The group spent at least an hour each week learning to master the chimes, which require some musical knowledge to operate.
Phyllis explained that the chimes work much like a piano keyboard – beginning with a “G” up to middle “C” with two additional octaves above that. The set up requires most chimers to be responsible for at least two notes for any song. Silver chimes are the natural notes, while the black chimes indicate the sharps and flats.
“We read regular music,” Phyllis explained. “We started with songs like Row, Row, Row Your Boat, and Mary Had a Little Lamb. Now we’re playing out of a hymnal.”
For the December 5 performance, the group plans to play Christmas standards like Silent Night, O Little Town of Bethlehem, O Come All Ye Faithful, I Heard the Bells on Christmas Day, and, of course, Jingle Bells.
Finding enough people might have limited the group, but members of the community – Cynthia Cooley, Joyce Gobl, and Linda Jackson – stepped in to fill in the gaps.

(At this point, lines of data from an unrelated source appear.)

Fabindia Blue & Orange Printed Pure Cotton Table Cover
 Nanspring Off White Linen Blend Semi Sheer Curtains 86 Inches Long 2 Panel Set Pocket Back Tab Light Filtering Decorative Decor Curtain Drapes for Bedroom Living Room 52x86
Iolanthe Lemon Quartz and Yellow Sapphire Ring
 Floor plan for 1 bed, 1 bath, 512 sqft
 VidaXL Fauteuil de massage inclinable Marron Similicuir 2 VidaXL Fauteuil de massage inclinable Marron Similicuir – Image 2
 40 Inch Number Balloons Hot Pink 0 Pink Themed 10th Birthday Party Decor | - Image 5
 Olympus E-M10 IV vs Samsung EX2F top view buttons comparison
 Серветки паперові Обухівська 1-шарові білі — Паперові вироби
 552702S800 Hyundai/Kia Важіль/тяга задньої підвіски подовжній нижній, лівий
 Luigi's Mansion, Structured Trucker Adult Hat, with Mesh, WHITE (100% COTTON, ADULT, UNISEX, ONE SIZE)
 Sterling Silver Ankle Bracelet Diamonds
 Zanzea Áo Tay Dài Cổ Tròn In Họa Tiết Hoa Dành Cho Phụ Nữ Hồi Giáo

And others, who don’t play chimes, have lent their musical talents to augment the group.
“One resident sings with us and plays piano,” Phyllis said. “And a local church plays with us. We maybe had 40 people just singing hymns for 30-45 minutes. They might not be able to see the music that well, but they were singing. It is thrilling to know that this can be a part of their day.”
Even Phyllis’ grandson, Kris Najarian, who is a violinist currently studying in Paris, takes time to play with the group when he comes home for a visit.
“I tell you, I really love music,” Phyllis said. “It’s so important for seniors – nothing lifts the spirits quite like music.”
PHOTO: Kris Najarian, a violin student in Paris, plays with the Chimers whenever he visits his grandmother, Phyllis Bradley. Phyllis organized the Village Chimers.